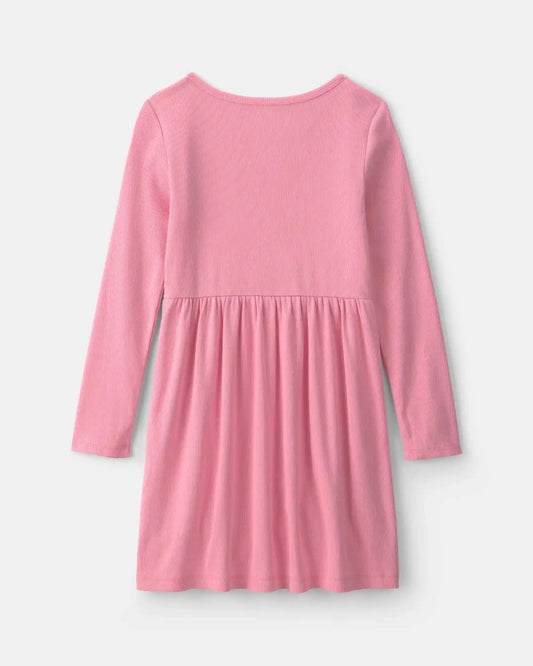 Girls Rib Long-Sleeve Dress - Pink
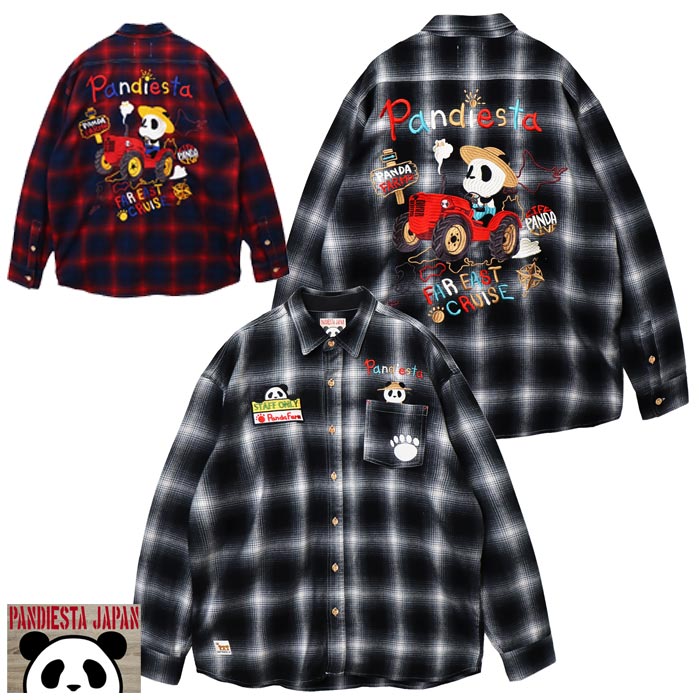 パンディエスタ PANDIESTA オンブレ チェック フランネルシャツ 長袖シャツ パンダ 和柄595204 送料無料 パンディエスタ PANDIESTA オンブレ チェック フランネルシャツ 長袖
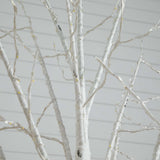 8’ Pre-Lit Artificial White Birch Tree with 500 Warm White LED Lights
^^^^^^^^^^^^^^^^
◆ **INSTRUCTIONS FOR THE TASK**:
The lines to copy run from the one with "パンディエスタ PANDIESTA オンブレ チェック フランネルシャツ 長袖シャツ" through the end of the material. Write them out exactly, leaving out the pictures.

◆ **COMPLETED TASK**:
 パンディエスタ PANDIESTA オンブレ チェック フランネルシャツ 長袖シャツ パンダ 和柄595204 送料無料 パンディエスタ PANDIESTA オンブレ チェック フランネルシャツ 長袖
 8’ Pre-Lit Artificial White Birch Tree with 500 Warm White LED Lights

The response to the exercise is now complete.